Prof. Youbin Zheng and research assistant Mary Jane Clark

Imagine you’re a giant looking down on a city’s rooftops. Where you now see mostly grey, Prof. Youbin Zheng hopes to see green.

Planting more green roofs will help improve health and environment, says this adjunct professor in U of G’s School of Environmental Sciences (SES). Zheng leads a one-of-a-kind research team intended to cultivate an emerging industry of green roof providers and their greenhouse and nursery suppliers. Along with SES professor Mike Dixon, he runs a project developing green roof technology for northern climates. Last year the project received a three-year $161,000 grant from the Ontario Ministry of Agriculture, Food and Rural Affairs (OMAFRA).

Green roofs – basically gardens covering rooftops – can provide several benefits, says Zheng. Like insulating caps, they help save energy. They can help manage stormwater by slowing runoff. Green roofs can help clean urban air, reduce the effects of urban heat islands and increase biodiversity. Built and maintained properly, they can even become “farms in the sky” to help feed more city dwellers.

If those benefits weren’t enough, there’s also a potential legal threat hanging over our cityscapes. Last year Toronto became the first North American city to require this environmental technology to be installed on new buildings with total floor space greater than 2,000 square metres. The Toronto bylaw applies to all new residential, commercial and institutional buildings, and will apply to industrial buildings beginning next year.
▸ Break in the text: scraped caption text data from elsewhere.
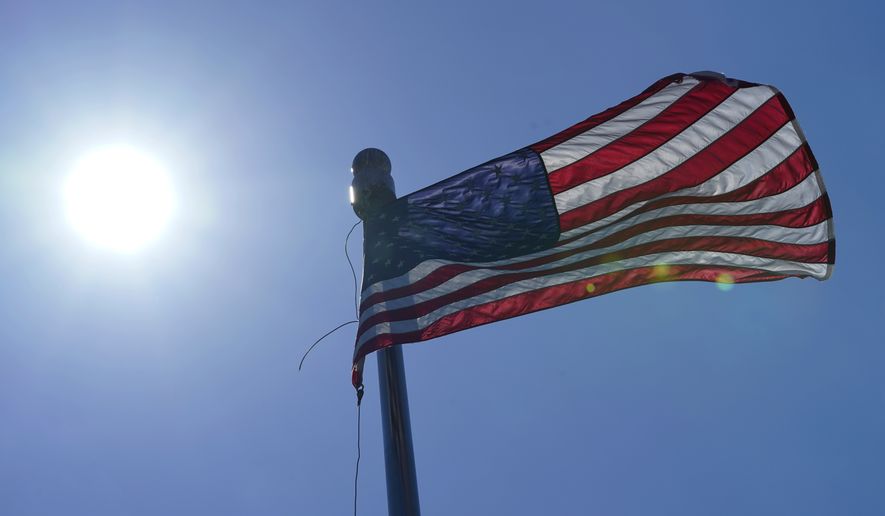 A U.S. flag flies with the sun in the background, Wednesday, June 30, 2021, in downtown Seattle. Temperatures cooled considerably in western Washington, Oregon and British Columbia Wednesday after several days of record-breaking heat, but the interior regions of the region were still sweating through triple-digit temperatures as the weather system moved east. (AP Photo/Ted S. Warren)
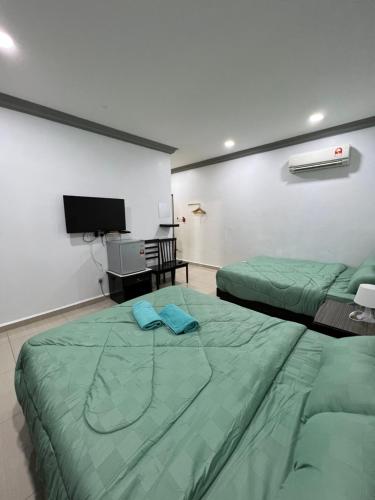 a bedroom with two beds and a flat screen tv at Ourstay Nadi Kota in Bandar  Pusat Jengka
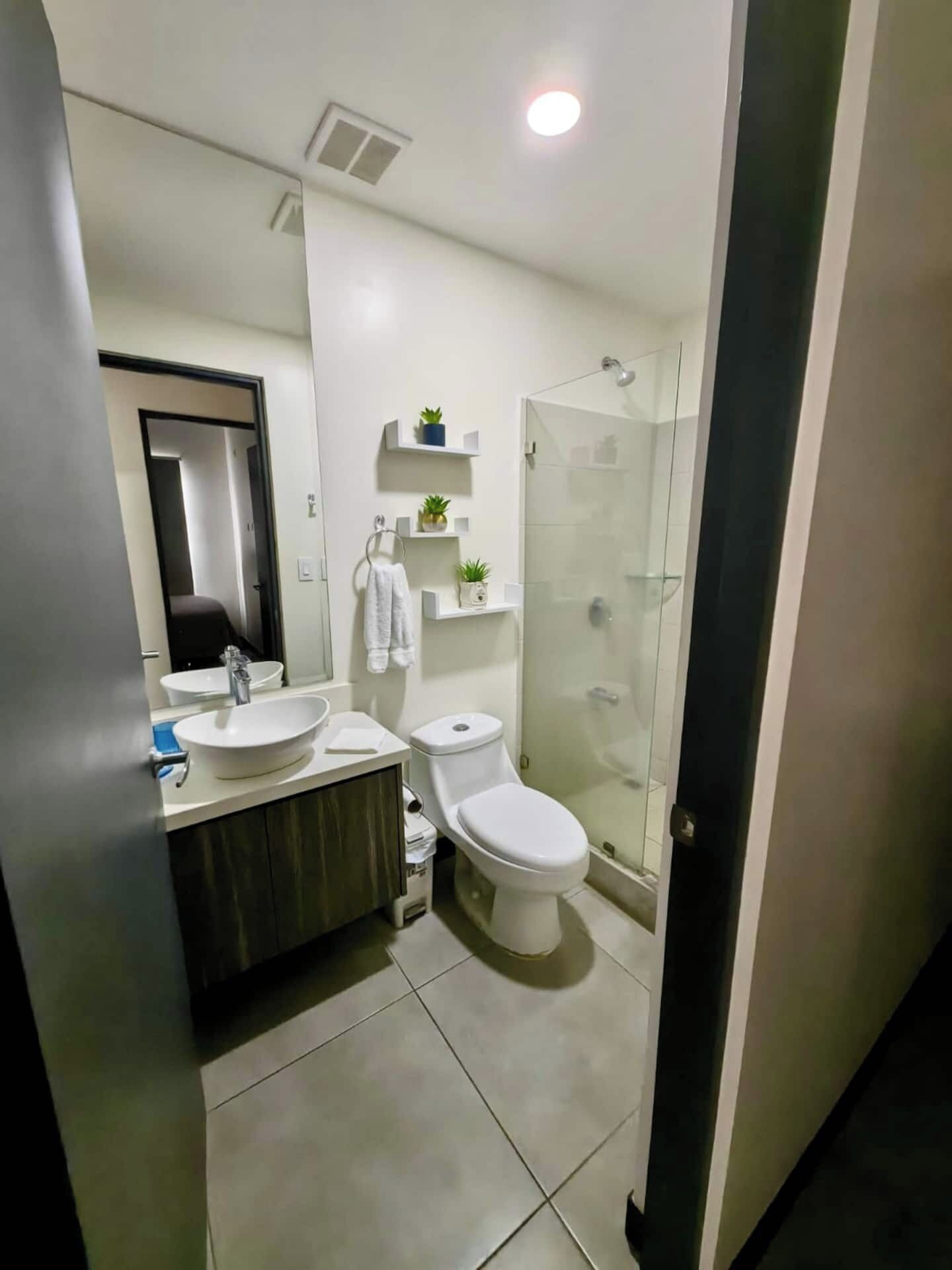 Ein modernes Badezimmer mit Waschbecken, Toilette und einer Duschkabine.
Zheng says before we install too many green roofs – and before other municipalities pass similar bylaws – we need to learn more about how to install and look after them. There’s more to growing a rooftop garden than dumping topsoil into boxes and rooting your favourite plants, as many building owners have learned the hard way.
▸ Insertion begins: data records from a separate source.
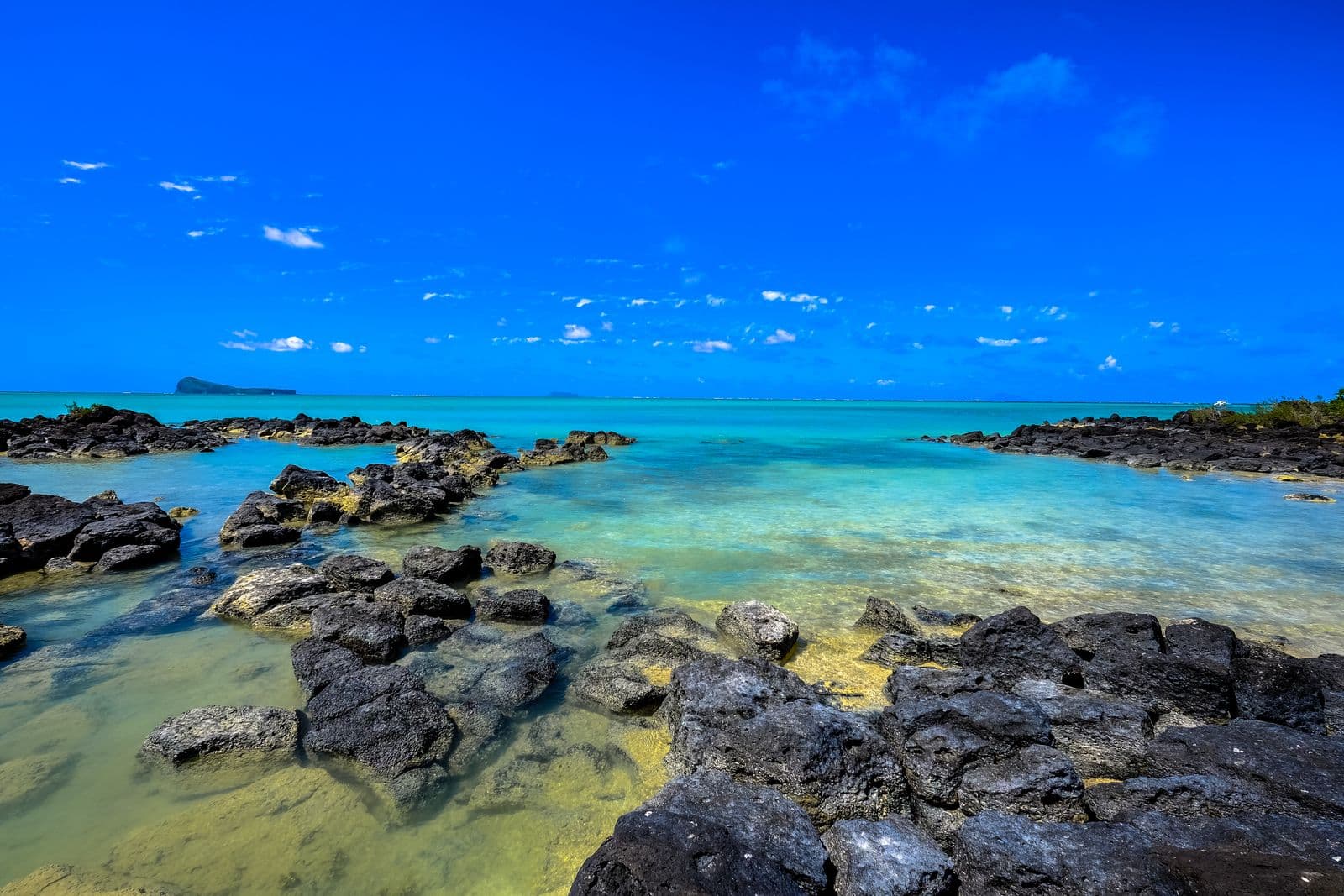 Turquoise lagoon and volcanic rocks on the Mauritius coast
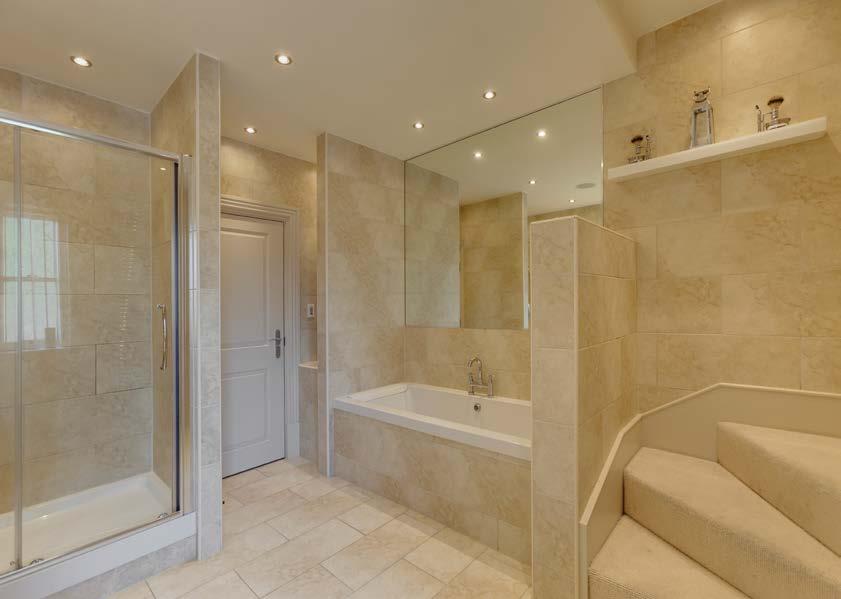 To one corner, there s a separate shower enclosure with a fitted Mira shower and a glazed screen/door.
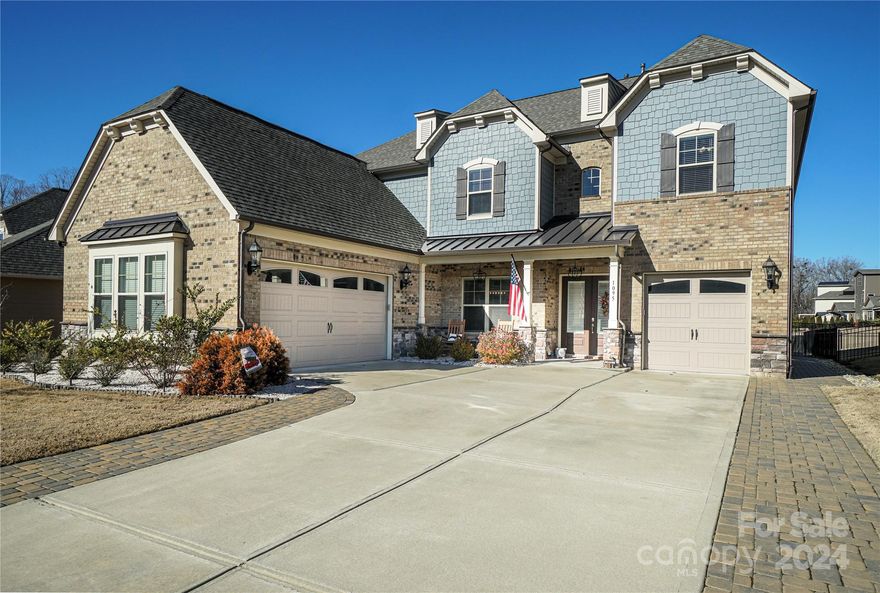 Stunning and luxurious 5 bedroom executive home in Indian Land just minutes from Ballantyne and 485. Built in 2019, this upgraded home has a large suite upstairs with a beautiful ensuite bathroom plus a walk in shower and a garden tub. The spacious dual walk in closet leads to additional attic space for extra storage. There is a Jack and Jill bathroom for 2 bedrooms plus another bedroom and full bath along with a game room upstairs. Downstairs there is a guest suite, a full bathroom, a formal dining room and an open and spacious floorplan with lots of light. The gourmet kitchen has gorgeous cabinetry, upgraded appliances and a 5 burner gas cooktop. The expansive covered porch & patio has almost 500 sq feet of French Pattern Travertine providing lots of room to socialize, grill out and enjoy the pergola and firepit in your fenced in backyard overlooking a natural area & retention pond. There is an oversized 2 car garage plus a separate 1 car garage both with pebble stone floor coating.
“Plants normally produced for gardens may not be suitable for green roofs,” says Zheng, who has worked with nursery and greenhouse growers for 11 years. He’s now focusing on green roofs. “It grows in the garden, but does it work on the roof?”  He aims to provide solid information for growers and installers within the next three years, based on studies here on campus.

As the only research group of its kind in North America, the Guelph team of faculty, staff and students is using that OMAFRA funding to learn more about green roofs. Besides growing plants in the Bovey Building greenhouses, they’re testing “field plots” there, on area farms and on the science complex rooftop. The scientists develop and test growth mix (or substrate) and suitable plant species for the dry, too-hot or too-cold, and windy conditions normally found several storeys above the street.

Along with developing and testing growth medium recipes, they’re looking at which plants and combinations grow best in different substrates in varied roof conditions.

The backbone of many rooftop gardens is sedum, a succulent plant whose hundreds of species include kinds that tolerate drought or cold. In their campus plots, research assistants Mary Jane Clark and Katie Vinson also tend other plants, including artemisia, lamb’s ear, yarrow, grasses, catmint, juniper and pasque flower.

Says Clark: “I like the idea that, in urban settings, green roofs can provide a habitat for insects and animals.”

The researchers are also investigating basic fertilizer and watering regimens to help develop industry standards. What kinds of fertilizer to apply? How much? When? How and when to water? “We’re answering technical questions,” says Zheng.

He says green roofs are more common in Europe, including Germany and Scandinavia. Little research has been done in North America, including considering how to design buildings to bear the structure’s weight.

A green roof should last 50 years. Zheng says it costs two to three times as much as a conventional roof.

His project partners include Life Roof, Sedum Master, Landscape Ontario, Carrot Common and Flowers Canada-Ontario.

Less expensive green roofs with low-maintenance designs and materials are a kind of Holy Grail, says Mathis Natvik, a U of G master’s student.

In 2008, his Guelph company, Natvik Ecological, installed a green roof on the Delta Guelph Hotel and Conference Centre. That installation still contains its original plant community and has never been weeded, irrigated or fertilized.

Natvik says low-maintenance building standards in Europe have spurred installation of green roofs covering airport terminals, shopping malls and factories. “The largest roofs obviously make for the largest environmental benefits when greened with plants. We need research on how to create growing mediums and planting techniques for roofs like Pearson airport, which emit massive amounts of heat and inject massive amounts of water into the stormwater infrastructure.”

In Toronto, a total of more than 36,000 square metres of green roofs have been installed, including gardens at City Hall, the Metro Toronto YMCA, Ryerson and York universities.

For his master’s degree with Zheng, Greg Yuristy studies substrate materials for green roofs that are lightweight, sustainable and locally available. Among those components are recycled materials like crushed bricks. He’s interested in using roofs for growing food, a form of urban agriculture.

Zheng’s group plans to install a green roof at Toronto’s Carrot Common, an organic and health food store that plans to grow food on the roof. Growing food requires thicker substrate and lots of water, which work against the need for lightweight green roofs that the building can support.

In a whimsical turn, Yuristy installs green roofs on bird feeders he makes from reclaimed barn board and Plexiglas. Both Zheng and Dixon have installed his models in their home gardens.